Back before the November 2004 elections, MI State Rep. John Pappageorge (R-Troy)
made news when he said that the Republican Party needed to "suppress" the Detroit vote. More specificall, Pappageorge was quoted as saying, "If we do not suppress the Detroit vote, we're going to have a tough time in this election."
Pappageorge admitted these words had left his mouth, but, he said it was just a matter of "a bad choice of words." Pappageorge said that in no way shape or form should these words be "be construed as racist."
Neither, of course, should the most recent budget for higher education. Despite appearances to the contrary. But they got a lotta 'splainin to do.
See if you can guess which districts are Republican and which are Democratic, which are white and which are not just knowing what happened in the Higher Education budget voted on by the Michigan legislature. Check out the rotating photos of the students to get a sense of student demographics and what sorts of students they want to attract from the links.
Grand Valley State University in Allendale, MI would get 22% more, Oakland University in Rochester gets 8% more, and Saginaw Valley State University in University Center also gets 8% more.
The big loser is Northern Michigan University in Marquette was cut by 10% and Wayne State University in Detroit and under the leadership of President Irwin Reid was cut by 5%. NMU is a puzzle. It is not in blue territory. Here are remarks by President Wong on the budget. But Detroit makes sense when you have a vendetta against blue counties. The vote in the Detroit precinct where I did election protections was 29:1 Kerry : Bush.
As reporter Peter Luke observed:
Dubbed the WIN (Workforce Investment Needs) Plan, schools in districts represented by Republicans do, in fact, WIN. Universities in districts represented by Democrats? Well, with a couple of exceptions, they don't WIN.
Under a proposal that purports to reward research effort, Michigan's major research institutions, U-M, MSU and WSU, all would receive less money in 2006 than what was appropriated in 2005. Wayne State in Detroit would lose the most, a whopping $20 million. U-M's Ann Arbor campus would lose nearly $5 million and MSU about $600,000. Other losers are Northern Michigan University and Michigan Tech and Eastern Michigan universities.
It's an audacious proposal that seeks to correct perceived past wrongs. Backers of CMU and GVSU complain those schools have long been slighted even though from 1983 through 1998 Republican leaders who had a final say on university budgets -- John Engler and Dick Posthumus -- hailed from Isabella and Kent counties.
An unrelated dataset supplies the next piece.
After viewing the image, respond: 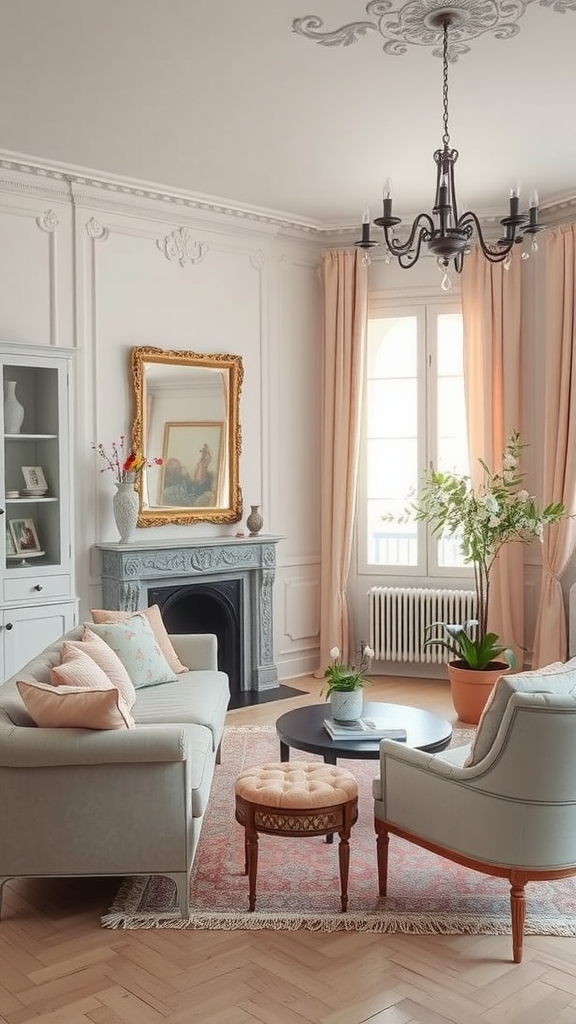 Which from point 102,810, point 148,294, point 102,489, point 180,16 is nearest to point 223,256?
point 148,294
Although it needs work, the formula does address an important point in that it rewards schools for producing graduates. Still more financial incentives could be provided to schools that grant degrees to students who left school years ago, but have returned.
Lawmakers can complain that the smaller schools haven't received their due over the years. They fail to acknowledge that overall, state aid for higher education has been slashed by nearly $300 million since 2002 in part because of GOP-authored income and business tax cuts.
Even with their proposed redistribution formula, Republicans would be providing Grand Valley about $500,000 less than what the school received in 2002; CMU, about $8 million less.
Gov. Jennifer Granholm will not sign a higher ed budget bill that cuts universities in Democratic territory like Detroit, Ypsilanti, Ann Arbor, East Lansing and Marquette. That makes this funding formula more of a political document than anything else. A curious one at that.
By seeking to correct the past, GOP lawmakers would punish thousands of college students in the present, and their parents, who invariably would be forced to pay higher tuition bills to cover millions in lost funding from Lansing.
Surely some of those households vote Republican.
But logic and the welfare of the entire state just doesn't seem to matter when there is a political coup under way. So we have budget and higher educaition - vital to our welfare - as a grudge match and a mere political ploy.